■ **WHAT YOU WILL DO**
Lines below containing the word "Heavy" should be copied out.

■ **TASK DATA**
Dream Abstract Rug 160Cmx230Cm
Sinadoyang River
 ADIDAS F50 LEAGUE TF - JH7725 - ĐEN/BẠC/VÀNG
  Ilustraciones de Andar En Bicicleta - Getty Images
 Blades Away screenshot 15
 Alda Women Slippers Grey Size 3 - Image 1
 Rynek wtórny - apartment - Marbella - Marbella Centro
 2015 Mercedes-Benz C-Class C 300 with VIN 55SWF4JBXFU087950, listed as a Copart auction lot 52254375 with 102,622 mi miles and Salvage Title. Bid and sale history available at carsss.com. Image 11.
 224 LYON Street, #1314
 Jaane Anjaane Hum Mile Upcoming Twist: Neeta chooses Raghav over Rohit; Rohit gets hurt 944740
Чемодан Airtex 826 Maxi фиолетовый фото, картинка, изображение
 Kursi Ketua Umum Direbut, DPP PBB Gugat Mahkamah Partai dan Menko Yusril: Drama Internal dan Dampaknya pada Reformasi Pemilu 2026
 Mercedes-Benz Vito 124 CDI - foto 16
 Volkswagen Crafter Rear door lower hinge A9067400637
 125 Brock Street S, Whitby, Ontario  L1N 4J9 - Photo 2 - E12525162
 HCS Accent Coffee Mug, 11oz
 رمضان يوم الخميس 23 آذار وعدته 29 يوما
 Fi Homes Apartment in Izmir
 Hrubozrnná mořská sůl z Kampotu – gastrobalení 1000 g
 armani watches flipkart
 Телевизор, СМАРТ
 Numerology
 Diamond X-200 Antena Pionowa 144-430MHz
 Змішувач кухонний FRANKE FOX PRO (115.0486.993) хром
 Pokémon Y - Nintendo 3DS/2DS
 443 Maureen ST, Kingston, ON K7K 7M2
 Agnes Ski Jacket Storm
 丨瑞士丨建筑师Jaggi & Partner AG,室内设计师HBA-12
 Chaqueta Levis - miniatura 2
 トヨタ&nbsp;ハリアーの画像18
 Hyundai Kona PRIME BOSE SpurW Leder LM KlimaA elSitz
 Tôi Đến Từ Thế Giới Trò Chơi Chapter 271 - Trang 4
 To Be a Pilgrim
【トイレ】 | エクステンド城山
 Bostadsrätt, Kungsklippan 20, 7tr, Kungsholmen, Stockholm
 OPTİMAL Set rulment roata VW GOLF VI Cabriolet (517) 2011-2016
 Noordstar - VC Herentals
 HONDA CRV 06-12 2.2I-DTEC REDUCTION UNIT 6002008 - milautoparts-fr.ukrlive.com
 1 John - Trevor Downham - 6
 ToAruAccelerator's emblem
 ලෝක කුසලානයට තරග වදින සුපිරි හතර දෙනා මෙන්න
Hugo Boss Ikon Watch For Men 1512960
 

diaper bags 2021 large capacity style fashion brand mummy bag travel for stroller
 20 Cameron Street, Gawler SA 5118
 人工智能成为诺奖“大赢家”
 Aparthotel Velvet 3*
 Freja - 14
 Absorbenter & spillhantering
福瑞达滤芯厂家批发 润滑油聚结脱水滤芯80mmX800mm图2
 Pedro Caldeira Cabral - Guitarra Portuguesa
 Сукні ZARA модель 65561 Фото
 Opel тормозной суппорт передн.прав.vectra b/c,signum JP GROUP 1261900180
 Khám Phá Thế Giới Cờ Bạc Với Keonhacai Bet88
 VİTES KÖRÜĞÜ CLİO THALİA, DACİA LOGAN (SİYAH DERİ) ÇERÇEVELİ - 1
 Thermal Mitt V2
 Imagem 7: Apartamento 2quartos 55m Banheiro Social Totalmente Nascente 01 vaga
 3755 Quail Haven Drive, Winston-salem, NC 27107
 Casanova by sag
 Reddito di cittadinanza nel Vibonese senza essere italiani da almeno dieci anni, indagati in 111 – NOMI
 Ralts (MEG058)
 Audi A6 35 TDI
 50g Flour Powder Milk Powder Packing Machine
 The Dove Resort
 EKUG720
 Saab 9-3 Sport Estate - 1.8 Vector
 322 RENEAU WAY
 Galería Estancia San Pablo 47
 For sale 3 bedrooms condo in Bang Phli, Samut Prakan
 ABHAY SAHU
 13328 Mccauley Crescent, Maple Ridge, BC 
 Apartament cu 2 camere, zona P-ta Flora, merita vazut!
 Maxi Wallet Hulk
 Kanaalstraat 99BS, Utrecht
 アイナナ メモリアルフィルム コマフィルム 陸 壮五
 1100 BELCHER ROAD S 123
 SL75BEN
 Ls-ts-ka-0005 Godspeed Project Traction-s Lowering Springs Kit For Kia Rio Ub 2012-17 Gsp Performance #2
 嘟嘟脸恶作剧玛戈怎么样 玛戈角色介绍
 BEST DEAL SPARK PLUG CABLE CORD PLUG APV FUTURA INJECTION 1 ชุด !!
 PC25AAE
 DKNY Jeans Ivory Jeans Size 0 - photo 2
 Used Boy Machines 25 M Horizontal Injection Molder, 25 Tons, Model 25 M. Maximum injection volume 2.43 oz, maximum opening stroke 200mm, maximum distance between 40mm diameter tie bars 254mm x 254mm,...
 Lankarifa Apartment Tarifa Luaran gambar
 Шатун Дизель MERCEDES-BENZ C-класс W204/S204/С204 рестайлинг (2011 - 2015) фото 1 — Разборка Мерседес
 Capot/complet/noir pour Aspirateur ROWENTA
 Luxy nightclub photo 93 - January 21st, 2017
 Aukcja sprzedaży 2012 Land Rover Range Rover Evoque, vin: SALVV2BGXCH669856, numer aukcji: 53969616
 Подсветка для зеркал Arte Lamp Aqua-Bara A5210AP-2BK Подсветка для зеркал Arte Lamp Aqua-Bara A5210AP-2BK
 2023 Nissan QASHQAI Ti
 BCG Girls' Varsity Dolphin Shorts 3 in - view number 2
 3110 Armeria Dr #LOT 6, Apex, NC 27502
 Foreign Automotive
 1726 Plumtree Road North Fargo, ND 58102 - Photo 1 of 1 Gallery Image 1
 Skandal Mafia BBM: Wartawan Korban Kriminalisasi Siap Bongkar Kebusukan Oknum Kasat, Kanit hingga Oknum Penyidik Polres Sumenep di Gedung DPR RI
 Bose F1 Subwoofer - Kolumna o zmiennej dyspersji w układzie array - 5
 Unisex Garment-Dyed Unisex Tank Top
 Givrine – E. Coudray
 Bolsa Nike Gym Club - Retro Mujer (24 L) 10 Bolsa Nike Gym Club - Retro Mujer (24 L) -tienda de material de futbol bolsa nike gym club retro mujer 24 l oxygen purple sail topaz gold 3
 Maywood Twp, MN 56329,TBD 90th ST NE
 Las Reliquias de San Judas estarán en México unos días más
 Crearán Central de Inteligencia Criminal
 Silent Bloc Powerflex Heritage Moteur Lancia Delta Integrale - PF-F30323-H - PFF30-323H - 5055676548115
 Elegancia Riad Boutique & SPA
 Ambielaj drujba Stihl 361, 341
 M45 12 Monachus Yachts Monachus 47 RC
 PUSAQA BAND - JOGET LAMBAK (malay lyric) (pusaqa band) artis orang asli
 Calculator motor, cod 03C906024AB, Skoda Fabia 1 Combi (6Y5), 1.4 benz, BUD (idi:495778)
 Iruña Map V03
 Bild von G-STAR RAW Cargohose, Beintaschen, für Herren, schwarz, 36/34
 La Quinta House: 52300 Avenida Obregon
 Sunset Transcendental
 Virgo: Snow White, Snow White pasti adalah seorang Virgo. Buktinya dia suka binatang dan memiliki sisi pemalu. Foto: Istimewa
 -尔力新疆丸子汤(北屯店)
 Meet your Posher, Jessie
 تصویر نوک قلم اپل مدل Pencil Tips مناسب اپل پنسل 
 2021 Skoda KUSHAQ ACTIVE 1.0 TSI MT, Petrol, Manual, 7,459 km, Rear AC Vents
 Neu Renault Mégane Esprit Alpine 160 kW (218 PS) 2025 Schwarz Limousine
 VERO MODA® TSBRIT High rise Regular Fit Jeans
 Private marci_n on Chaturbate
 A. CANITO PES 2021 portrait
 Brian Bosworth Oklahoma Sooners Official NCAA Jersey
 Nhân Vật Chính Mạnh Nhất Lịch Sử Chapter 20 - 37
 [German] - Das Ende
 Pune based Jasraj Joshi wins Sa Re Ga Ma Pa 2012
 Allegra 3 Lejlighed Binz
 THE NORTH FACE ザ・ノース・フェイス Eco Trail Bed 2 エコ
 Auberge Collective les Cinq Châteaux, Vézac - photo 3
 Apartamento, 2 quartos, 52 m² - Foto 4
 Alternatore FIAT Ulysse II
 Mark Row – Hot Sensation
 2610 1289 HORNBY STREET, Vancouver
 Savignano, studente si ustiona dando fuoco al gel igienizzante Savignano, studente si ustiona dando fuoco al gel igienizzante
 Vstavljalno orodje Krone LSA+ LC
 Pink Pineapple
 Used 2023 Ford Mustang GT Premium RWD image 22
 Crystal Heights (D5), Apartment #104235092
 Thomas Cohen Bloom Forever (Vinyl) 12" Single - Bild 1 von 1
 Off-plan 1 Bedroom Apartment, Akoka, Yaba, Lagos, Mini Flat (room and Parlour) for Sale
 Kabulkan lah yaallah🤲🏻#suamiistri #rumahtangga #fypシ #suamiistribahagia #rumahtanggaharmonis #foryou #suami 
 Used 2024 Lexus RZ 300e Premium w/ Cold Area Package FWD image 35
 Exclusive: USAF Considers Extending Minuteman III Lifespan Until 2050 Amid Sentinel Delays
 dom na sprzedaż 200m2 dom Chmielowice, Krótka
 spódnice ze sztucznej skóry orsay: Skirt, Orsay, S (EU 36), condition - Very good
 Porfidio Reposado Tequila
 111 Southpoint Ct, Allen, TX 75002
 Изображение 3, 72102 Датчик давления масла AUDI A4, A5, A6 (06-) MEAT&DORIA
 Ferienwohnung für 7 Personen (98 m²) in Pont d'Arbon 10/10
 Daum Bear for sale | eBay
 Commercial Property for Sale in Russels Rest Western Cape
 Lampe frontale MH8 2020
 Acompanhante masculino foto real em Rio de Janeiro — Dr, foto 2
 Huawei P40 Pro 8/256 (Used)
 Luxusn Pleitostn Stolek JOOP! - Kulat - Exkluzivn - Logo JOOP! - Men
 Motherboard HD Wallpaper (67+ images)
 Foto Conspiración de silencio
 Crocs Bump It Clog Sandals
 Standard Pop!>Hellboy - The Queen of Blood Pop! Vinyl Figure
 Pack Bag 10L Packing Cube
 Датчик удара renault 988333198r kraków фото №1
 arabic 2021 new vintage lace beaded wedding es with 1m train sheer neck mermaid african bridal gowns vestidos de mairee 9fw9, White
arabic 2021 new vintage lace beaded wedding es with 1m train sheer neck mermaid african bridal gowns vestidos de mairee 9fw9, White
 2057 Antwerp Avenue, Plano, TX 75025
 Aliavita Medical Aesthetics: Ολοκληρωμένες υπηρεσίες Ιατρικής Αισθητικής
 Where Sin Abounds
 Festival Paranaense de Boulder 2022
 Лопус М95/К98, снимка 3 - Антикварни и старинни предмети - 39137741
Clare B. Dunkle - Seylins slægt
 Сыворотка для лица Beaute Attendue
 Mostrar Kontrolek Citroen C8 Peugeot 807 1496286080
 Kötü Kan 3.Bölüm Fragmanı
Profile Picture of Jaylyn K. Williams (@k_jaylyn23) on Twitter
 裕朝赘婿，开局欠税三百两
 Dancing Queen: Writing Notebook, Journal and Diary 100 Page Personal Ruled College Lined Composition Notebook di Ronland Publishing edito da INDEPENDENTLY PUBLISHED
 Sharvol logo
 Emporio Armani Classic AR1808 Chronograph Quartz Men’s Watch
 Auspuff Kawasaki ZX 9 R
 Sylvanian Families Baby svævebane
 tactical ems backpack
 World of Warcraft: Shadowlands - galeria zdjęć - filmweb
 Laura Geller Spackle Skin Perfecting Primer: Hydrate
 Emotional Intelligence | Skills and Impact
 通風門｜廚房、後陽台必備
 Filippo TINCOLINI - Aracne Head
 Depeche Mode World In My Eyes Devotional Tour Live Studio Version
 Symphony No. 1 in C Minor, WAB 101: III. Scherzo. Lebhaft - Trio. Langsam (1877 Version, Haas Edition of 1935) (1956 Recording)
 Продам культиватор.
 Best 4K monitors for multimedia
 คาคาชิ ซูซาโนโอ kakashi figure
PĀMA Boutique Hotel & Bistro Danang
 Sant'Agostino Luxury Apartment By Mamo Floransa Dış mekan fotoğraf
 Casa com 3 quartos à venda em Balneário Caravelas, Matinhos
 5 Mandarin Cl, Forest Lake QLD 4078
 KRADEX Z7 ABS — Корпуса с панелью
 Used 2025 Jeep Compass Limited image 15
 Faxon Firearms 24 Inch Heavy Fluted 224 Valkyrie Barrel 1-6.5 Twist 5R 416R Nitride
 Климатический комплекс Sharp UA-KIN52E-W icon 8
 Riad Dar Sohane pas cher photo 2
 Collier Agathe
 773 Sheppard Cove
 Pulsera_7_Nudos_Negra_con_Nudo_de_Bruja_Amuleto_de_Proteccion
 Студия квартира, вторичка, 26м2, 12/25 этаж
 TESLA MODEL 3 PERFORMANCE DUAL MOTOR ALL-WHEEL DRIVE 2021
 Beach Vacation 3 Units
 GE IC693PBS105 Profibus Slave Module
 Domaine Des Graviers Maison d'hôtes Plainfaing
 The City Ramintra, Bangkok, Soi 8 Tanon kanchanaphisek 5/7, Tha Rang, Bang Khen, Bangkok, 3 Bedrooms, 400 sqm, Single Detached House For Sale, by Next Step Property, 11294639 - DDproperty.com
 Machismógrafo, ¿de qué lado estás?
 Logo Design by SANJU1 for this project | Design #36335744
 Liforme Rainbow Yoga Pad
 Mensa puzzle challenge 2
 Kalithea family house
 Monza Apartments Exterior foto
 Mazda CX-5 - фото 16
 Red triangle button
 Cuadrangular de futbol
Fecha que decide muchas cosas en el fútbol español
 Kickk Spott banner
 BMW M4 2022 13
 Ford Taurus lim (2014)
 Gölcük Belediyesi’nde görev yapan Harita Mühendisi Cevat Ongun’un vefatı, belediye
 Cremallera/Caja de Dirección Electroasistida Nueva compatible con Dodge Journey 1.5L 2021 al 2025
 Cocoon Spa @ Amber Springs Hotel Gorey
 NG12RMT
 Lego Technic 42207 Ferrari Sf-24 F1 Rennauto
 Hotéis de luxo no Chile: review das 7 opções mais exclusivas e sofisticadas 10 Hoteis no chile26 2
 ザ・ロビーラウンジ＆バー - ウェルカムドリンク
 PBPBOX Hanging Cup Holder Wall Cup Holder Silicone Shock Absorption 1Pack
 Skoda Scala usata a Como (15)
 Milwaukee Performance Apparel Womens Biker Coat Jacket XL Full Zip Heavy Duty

■ **RESULT FOR THIS TASK**
 Faxon Firearms 24 Inch Heavy Fluted 224 Valkyrie Barrel 1-6.5 Twist 5R 416R Nitride
 Milwaukee Performance Apparel Womens Biker Coat Jacket XL Full Zip Heavy Duty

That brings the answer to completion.